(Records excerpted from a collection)

Segment Open

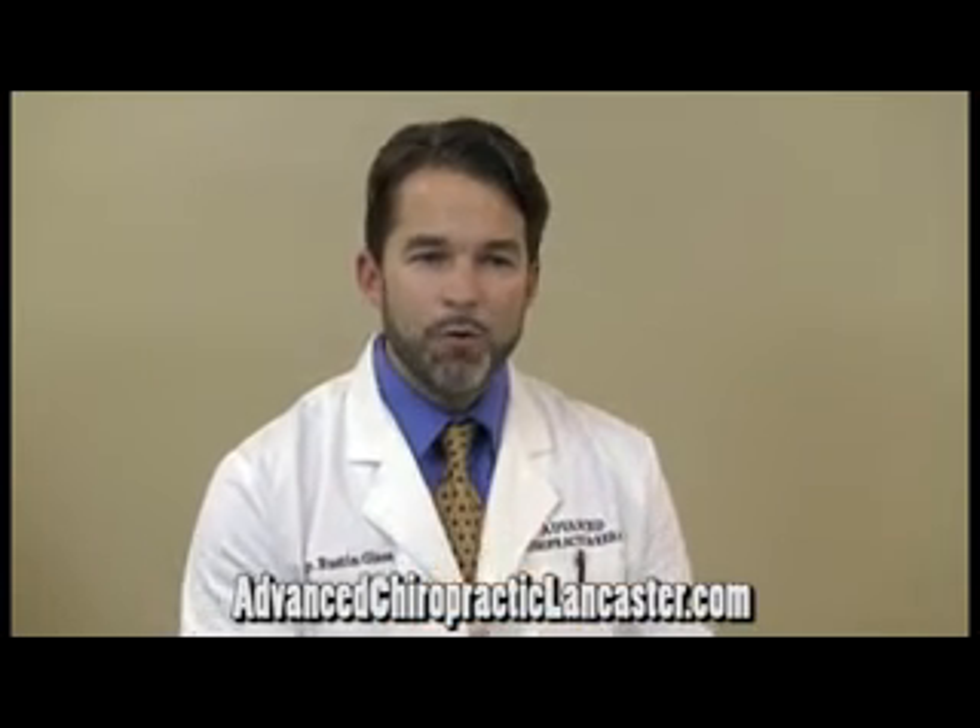There are also a lot of stretching exercises that people can do at home that can be helpful. One simple one that we show patients a lot is what we call knee-to-chest stretches. First thing in the morning before you get out of bed, lay on your back and pull your knees up into your chest — either one at a time, holding for 10-20 seconds, or bringing them both up — just feeling a stretch in your lower back. It helps bring circulation into the tissues and can get things moving again.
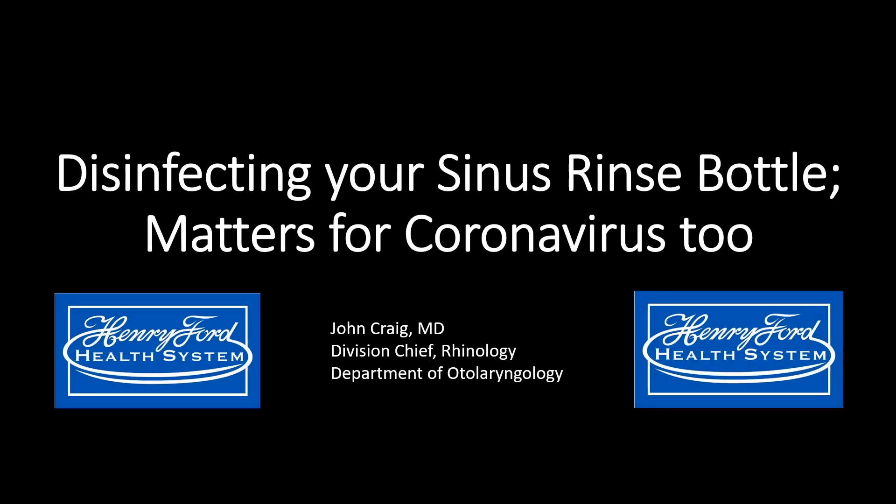This is a quick video showing some simple and effective methods for disinfecting your sinus rinse bottle. These practices are specifically pertinent to the current coronavirus pandemic, as these disinfection practices can decrease the contraction and spread of coronavirus as well.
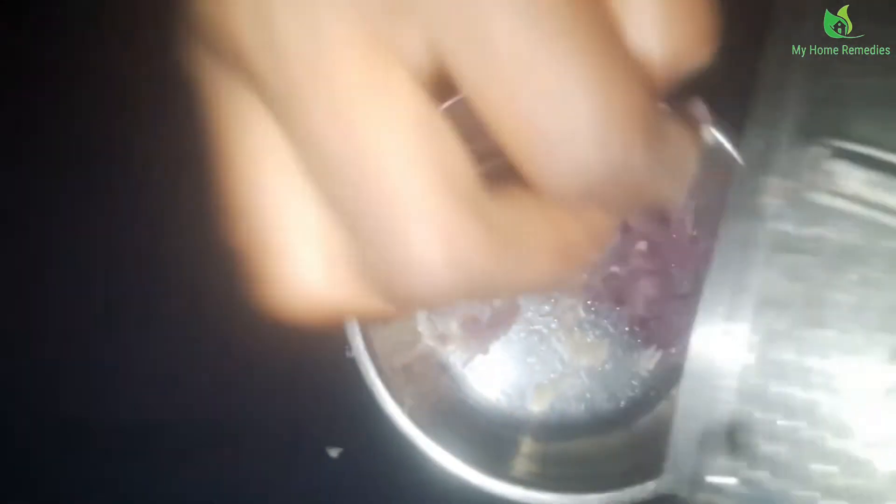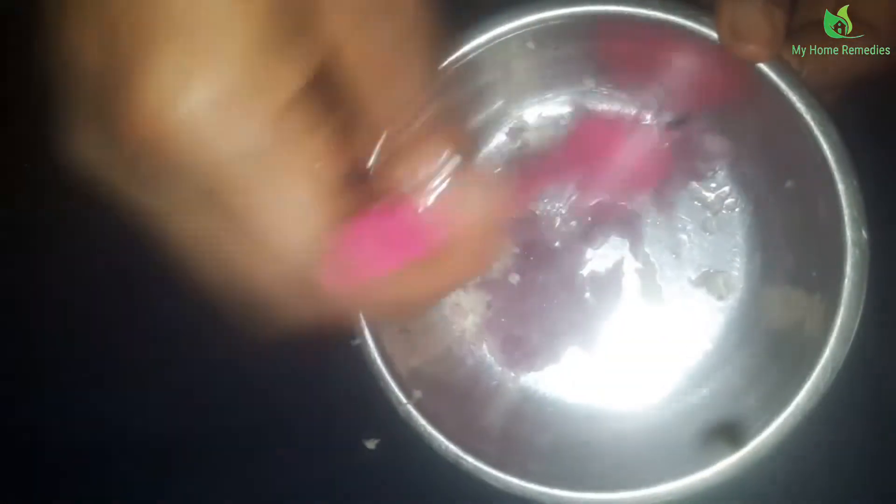I'm done with my onion, and now I'm mixing in the garlic. Onion contains sulfur and a number of antibacterial properties that can treat infections, and garlic helps to improve the appearance of the skin by reducing inflammation. So I'm just going to mix them together.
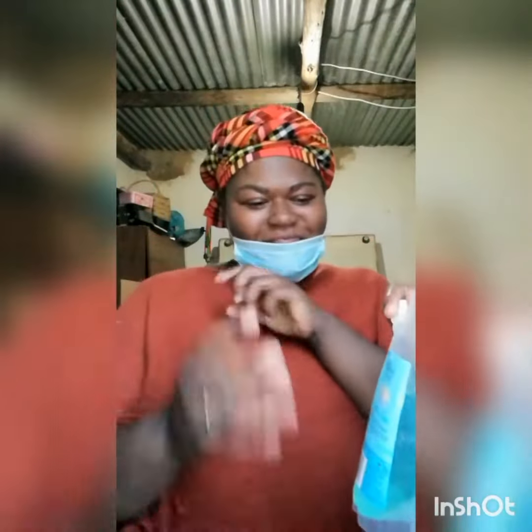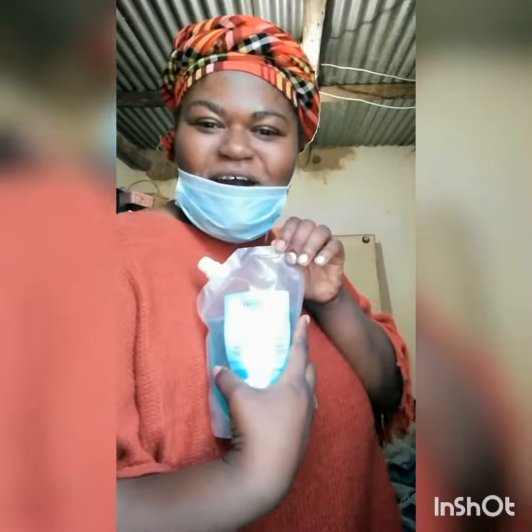COVID-19, it's the killer virus. Better know, keep up the fight. Wash your hands. Sanitize. COVID-19, COVID — watch out.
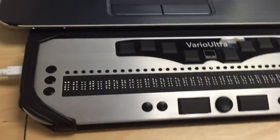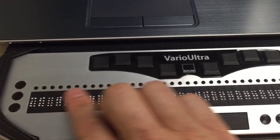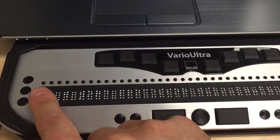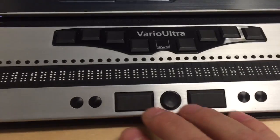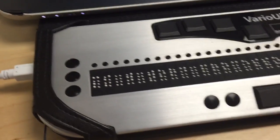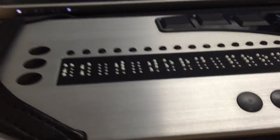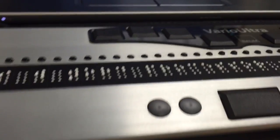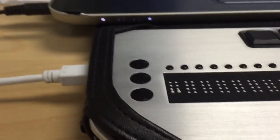I'm going to revert back now to the 40-cell Vario Ultra. As you can see, the layout is pretty much the same — the only difference is that we have twice as many braille cells. You still have the same display buttons to the left and right of the braille display, and the space bars, NaviStick, and so forth along the front. Right now I'm in braille note taker mode and I can see it's in grade one braille. I'll hit the left space bar to go into the word processor.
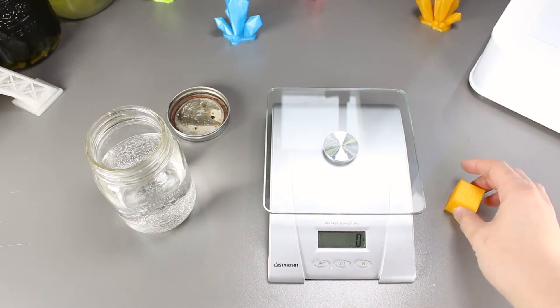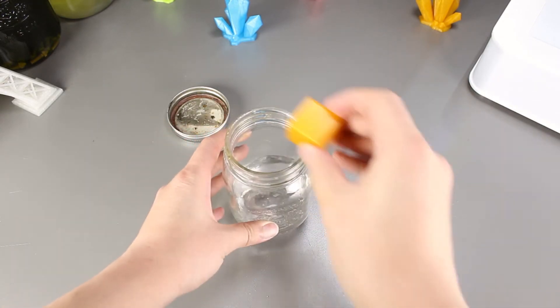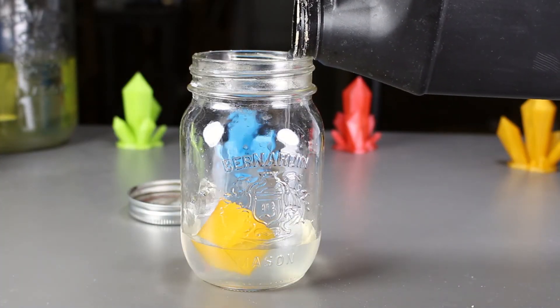It still weighs 7 grams after an hour. Now we put the PLA model back into the mason jar and then we will fill it with bacteria. Let it sit for a week.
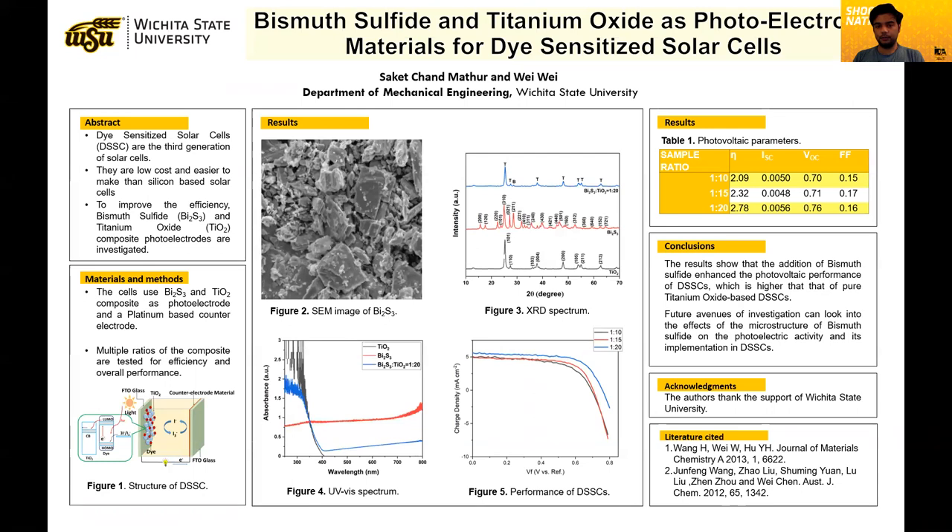So why aren't we using them? Because the efficiency isn't as high as silicon-based solar cells. In order to address that, we are looking to improving various components of the dye-sensitized solar cells.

Segment Closed

[What you will do]
Repeat, exactly and with no pictures, each line from the line that holds "It still weighs" through the last line of the records above.

[Your solution]
It still weighs 7 grams after an hour. Now we put the PLA model back into the mason jar and then we will fill it with bacteria. Let it sit for a week.
So why aren't we using them? Because the efficiency isn't as high as silicon-based solar cells. In order to address that, we are looking to improving various components of the dye-sensitized solar cells.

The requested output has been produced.